Happy Father's Day, to all the men folk on this forum. hope all of u enjoy the beautiful day.


----------



## Poultry Judge (Jul 15, 2020)

Thank you and you folks have a good day as well! It's going to be 86 and thunderstorms here in northeast Ohio today, which is hot and humid for us.


----------



## robin416 (Sep 8, 2013)

I'd take your 86 if that's a high temp in a heartbeat.


----------



## dawg53 (Aug 25, 2015)

robin416 said:


> I'd take your 86 if that's a high temp in a heartbeat.


x2


----------



## Kimmin328 (Jun 17, 2021)

It was 92 here in South Central TN it was muggy couldn't let mom stay outside long w her COPD. hard to breath so muggy. But I persevered I cut bushes to shapes n sizes. I edged moms yard n driveway. I replanted a few succulents. Cleaned out some dead leaves etc.. of the tomato plants. Filled 2 containers of bird seed n necter for the birds in front cleaned n refilled the water fountain for birds to bathe n drink... etc... n did more yesterday than today. Love it feels good to go to bed feeling I worked hard. And get to do it again the next day. I'm gonna do all that here at home tomorrow. Hot fun work. Mom thinks I'm nuts. Lol


----------



## Poultry Judge (Jul 15, 2020)

dawg53 said:


> x2


More thunderstorms today. Not too bad.


----------



## robin416 (Sep 8, 2013)

Poultry Judge said:


> More thunderstorms today. Not too bad.


A little more mud for you to slog through.


----------



## Poultry Judge (Jul 15, 2020)

robin416 said:


> A little more mud for you to slog through.

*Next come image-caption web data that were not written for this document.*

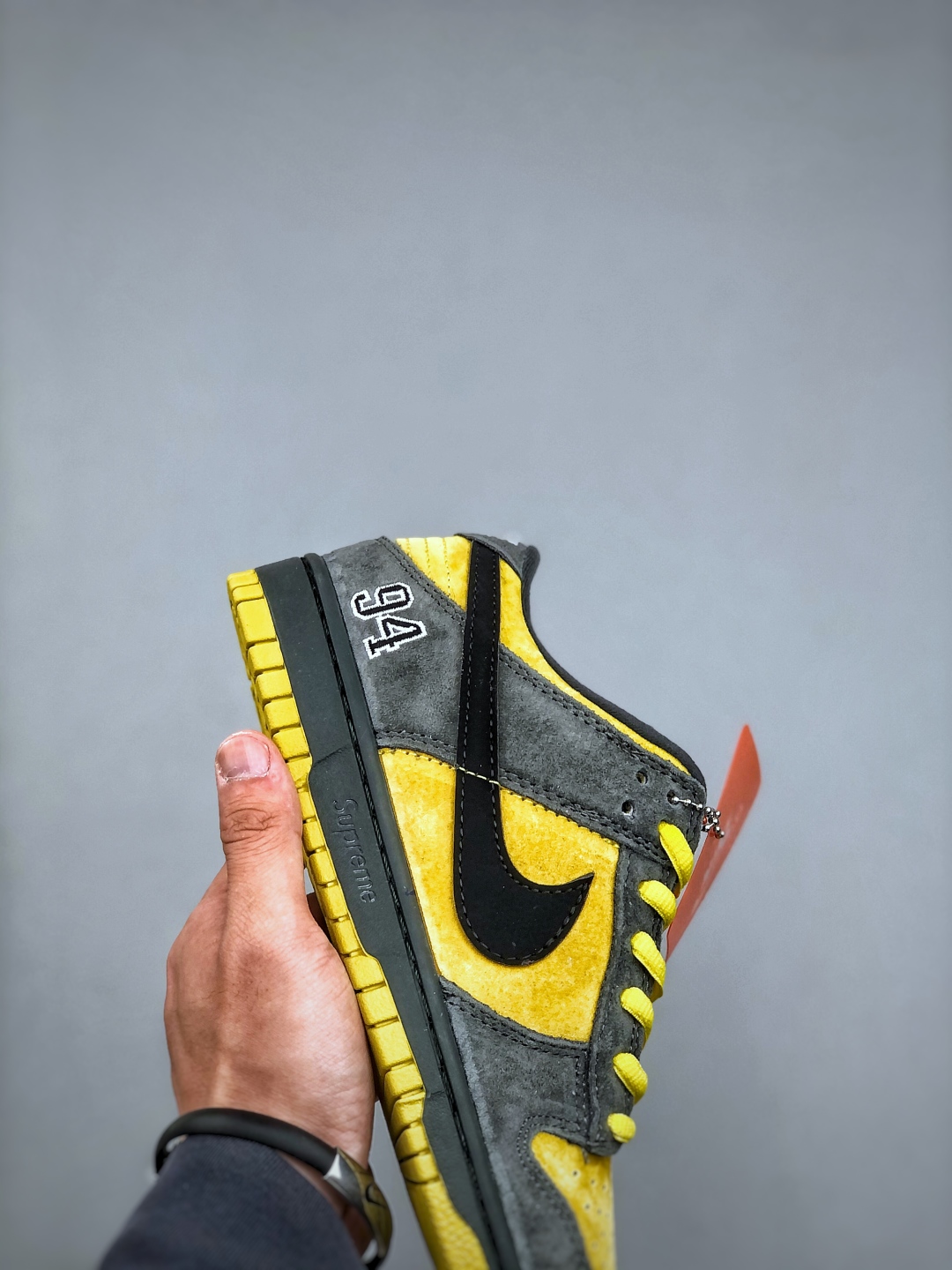 Supreme x Nike SB Dunk Low Ocean Fog Grey Yellow Limited Edition 7 cmp i1746650675855 4342 0 5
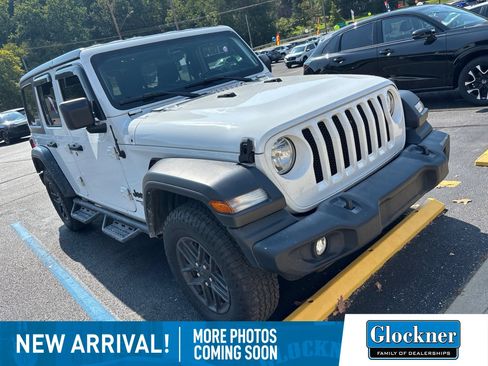 Used 2021 Jeep Wrangler Unlimited Sport AWD/4WD image 3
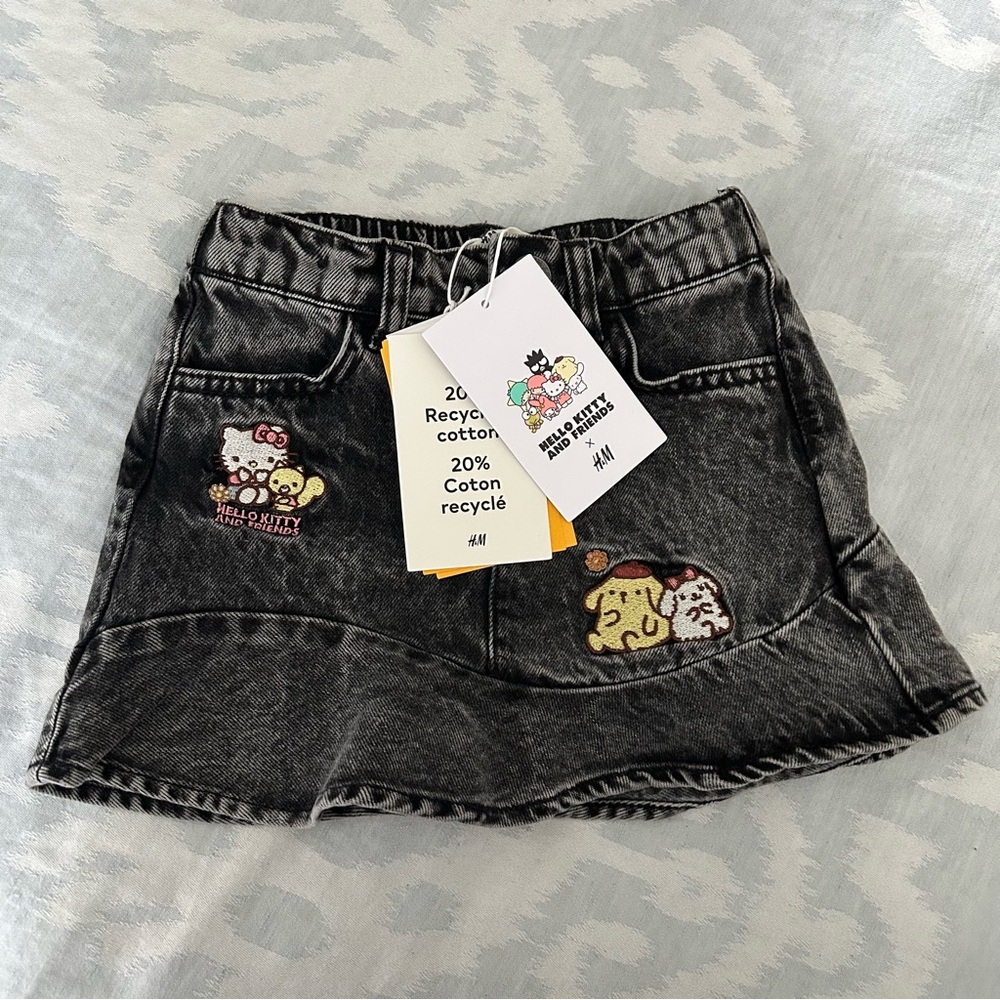 H&M X Hello Kitty toddler Black Denim Skirt with Hello Kitty Design size 2T NWT!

Yes, but it's actually a little drier than last year.


----------



## Overmountain1 (Jun 5, 2020)

Kimmin328 said:


> It was 92 here in South Central TN it was muggy couldn't let mom stay outside long w her COPD. hard to breath so muggy. But I persevered I cut bushes to shapes n sizes. I edged moms yard n driveway. I replanted a few succulents. Cleaned out some dead leaves etc.. of the tomato plants. Filled 2 containers of bird seed n necter for the birds in front cleaned n refilled the water fountain for birds to bathe n drink... etc... n did more yesterday than today. Love it feels good to go to bed feeling I worked hard. And get to do it again the next day. I'm gonna do all that here at home tomorrow. Hot fun work. Mom thinks I'm nuts. Lol


You’re always going 100 miles an hour when health allows! You are crazy- but In the best way.  We all know I’m crazy too!


----------



## Animals45 (May 11, 2021)

Raining here to.. But I'm kind of glad because it hasn't rained at my house in like a month or so..


----------